On 10 October 1968 the following official announcement appeared in the papers Moskovskaya pravda [Moscow pravda] and Vechernyaya Moskva [Evening Moscow] [note 1]
“IN THE MOSCOW CITY COURT
“On 9 October the criminal trial began in Moscow of K. I. Babitsky, L. I. Bogoraz-Brukhman, V. N. Delaunay, V. A. Dremlyuga and P. M. Litvinov, accused of violating public order in Red Square, Moscow, on 25 August this year.”
On 12 October two articles on the trial were published: “Aiming for a sensation” by N. Bardin appeared in Moskovskaya pravda; A. Smirnov’s “They got their deserts” in Vechernyaya Moskva.
The Place of Proclamation, Red Square (Moscow)
Like the official announcement the articles mention, in the first place, only one charge: violating public order: i.e. prosecution under Article 190-3.

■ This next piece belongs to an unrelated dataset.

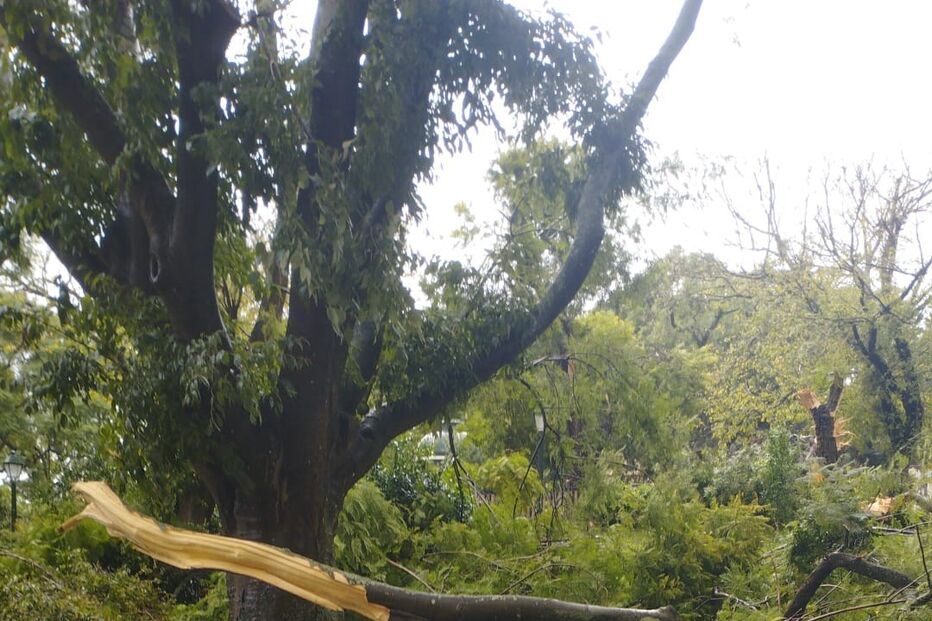 Mau tempo provoca estragos em Alto de Santo Amaro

Secondly, even this ‘violation’ is not described, and nowhere is it stated that this was a protest demonstration against the intervention of Soviet troops in Czechoslovakia. Instead, the writers of these articles, not shrinking from direct libel, give ‘character-sketches’ of the accused aimed at compromising them in the eyes of the reader. It was precisely this kind of ‘information’ that Larissa Bogoraz had in mind when she said in her closing speech on 11 October,
“I have no doubt that public opinion will approve the verdict. Public opinion will approve of three years’ exile for a talented scholar and three years in the camps for a young poet, first because we shall be depicted as parasites, renegades and purveyors of a hostile ideology, and second because, if people appear whose opinion differs from that of the ‘public’ and who have the audacity to speak out, they will soon end up here.” (She points to the dock.)
According to unconfirmed rumours, the correspondents of two other Soviet papers who were present at the trial refused to write the articles required of them.
Within a fortnight the KGB, together with the MVD and USSR Procurator-General, reported to the Politburo about the incident on Red Square (8 September 1968, 2102-A). Thereafter the Committee helped plan the forthcoming trial.
 Writing two months after the demonstration, and several weeks after the trial, the Chronicle mentions reports in two Moscow newspapers. There were no responses from Pravda, Izvestiya or other big-circulation national dailies. The aim was to localise and play down the event, obscuring its significance.